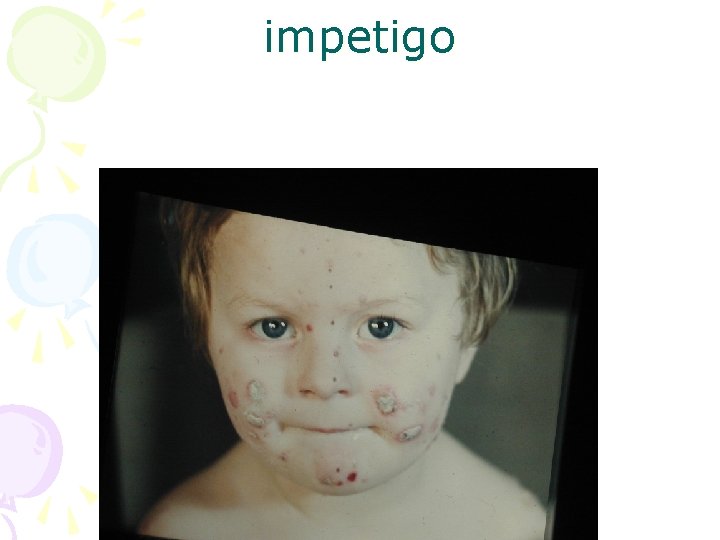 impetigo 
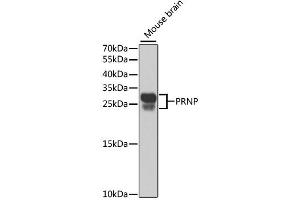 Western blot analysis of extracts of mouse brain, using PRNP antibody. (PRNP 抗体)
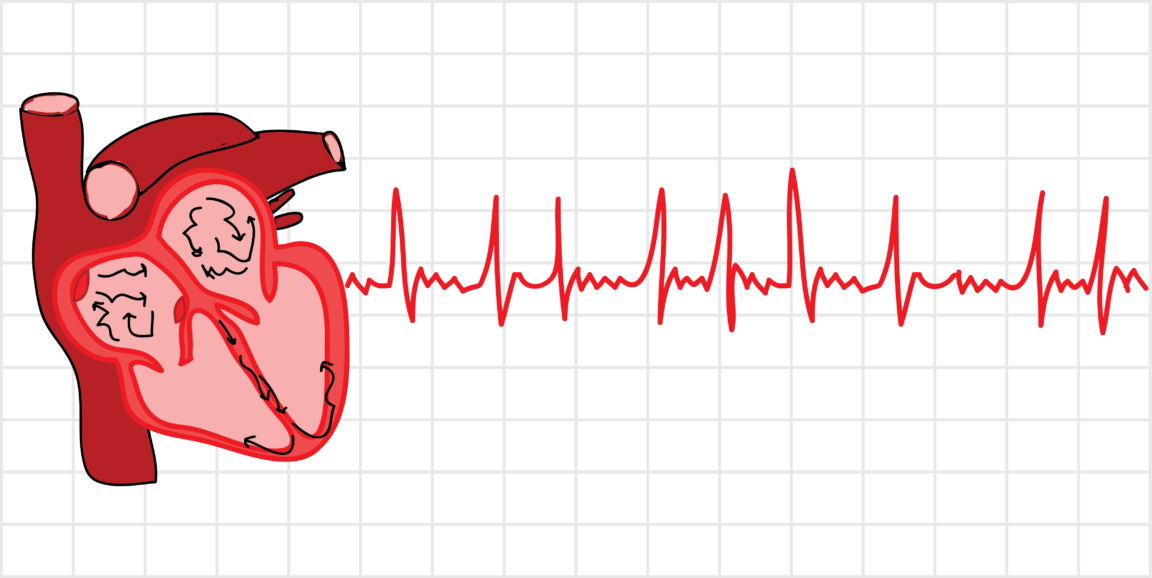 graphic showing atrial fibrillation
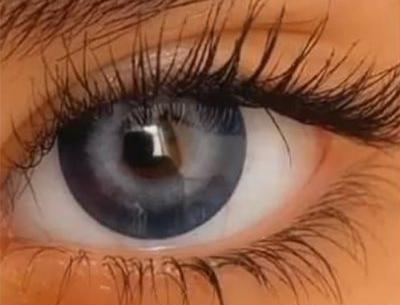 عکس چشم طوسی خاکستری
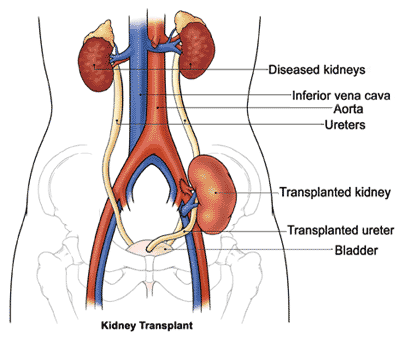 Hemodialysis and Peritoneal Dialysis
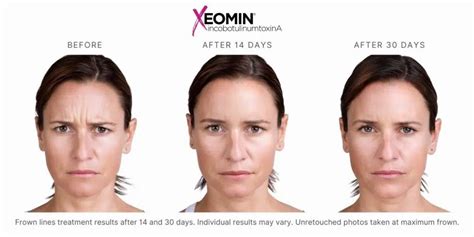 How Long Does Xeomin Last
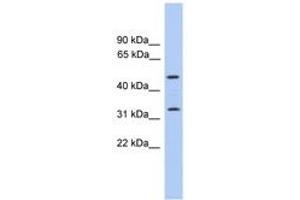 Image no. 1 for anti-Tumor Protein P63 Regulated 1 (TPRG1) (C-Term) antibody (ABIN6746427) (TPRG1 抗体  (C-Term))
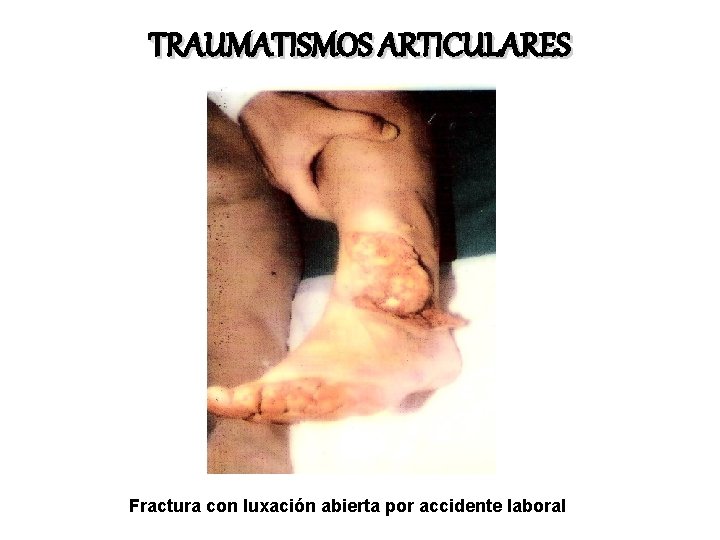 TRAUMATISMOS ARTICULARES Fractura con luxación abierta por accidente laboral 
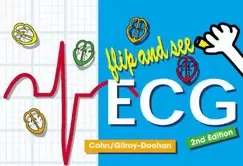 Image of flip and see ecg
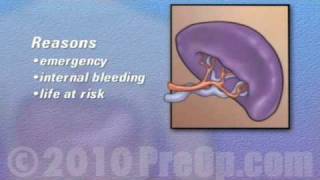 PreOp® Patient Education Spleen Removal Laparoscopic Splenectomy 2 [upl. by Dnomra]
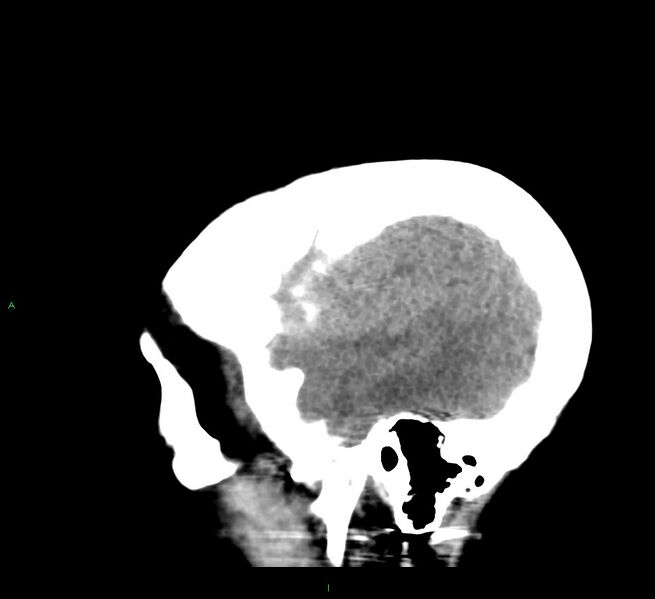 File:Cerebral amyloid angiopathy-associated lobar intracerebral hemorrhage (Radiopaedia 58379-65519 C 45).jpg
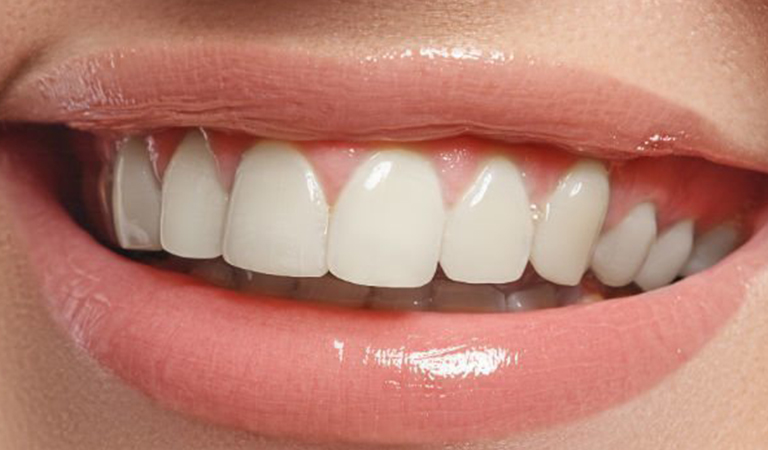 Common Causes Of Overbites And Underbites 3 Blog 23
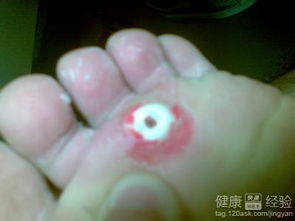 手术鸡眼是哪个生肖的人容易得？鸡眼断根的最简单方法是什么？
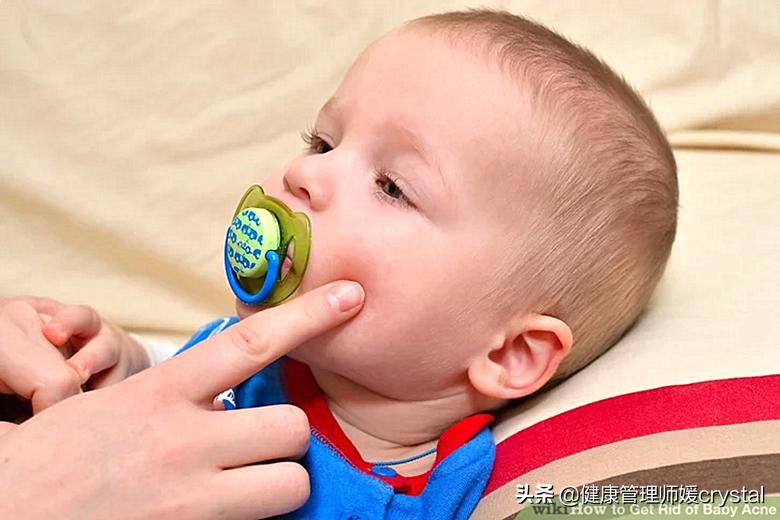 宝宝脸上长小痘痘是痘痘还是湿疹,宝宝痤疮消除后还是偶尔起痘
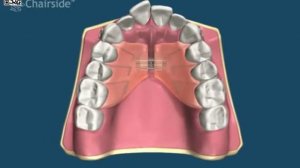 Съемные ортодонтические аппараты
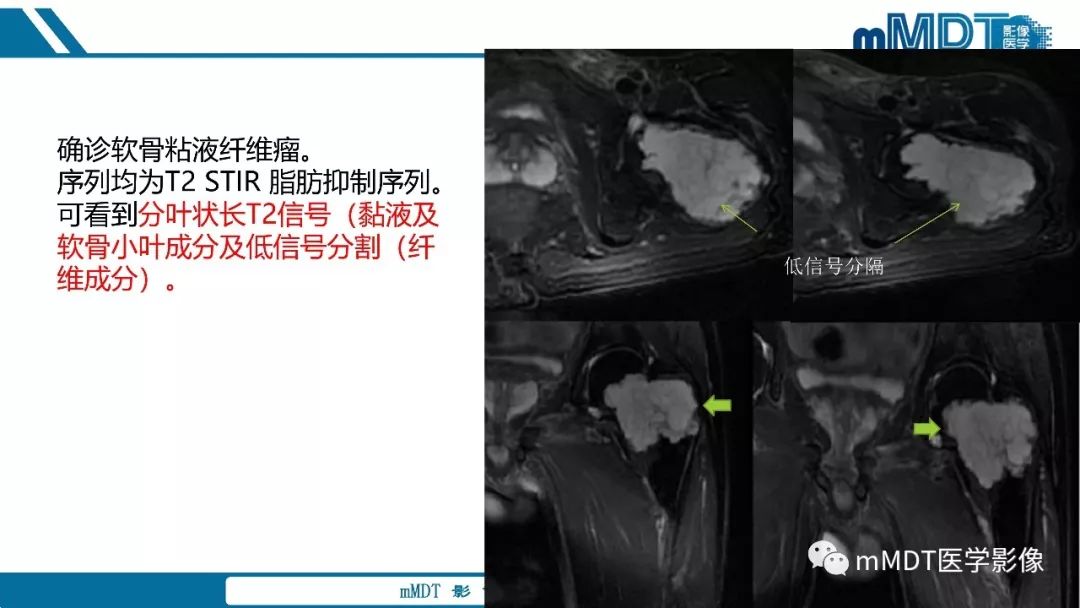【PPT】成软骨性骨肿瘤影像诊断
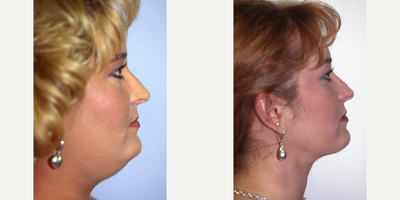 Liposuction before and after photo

━━━━━━━━━━

Print the line above containing "Hemodialysis and Peritoneal Dialysis", the line containing "PreOp® Patient Education", and everything between them, exactly as written. Pictures stay out.

Exercise response:
 Hemodialysis and Peritoneal Dialysis
 How Long Does Xeomin Last
 Image no. 1 for anti-Tumor Protein P63 Regulated 1 (TPRG1) (C-Term) antibody (ABIN6746427) (TPRG1 抗体  (C-Term))
 TRAUMATISMOS ARTICULARES Fractura con luxación abierta por accidente laboral 
 Image of flip and see ecg
 PreOp® Patient Education Spleen Removal Laparoscopic Splenectomy 2 [upl. by Dnomra]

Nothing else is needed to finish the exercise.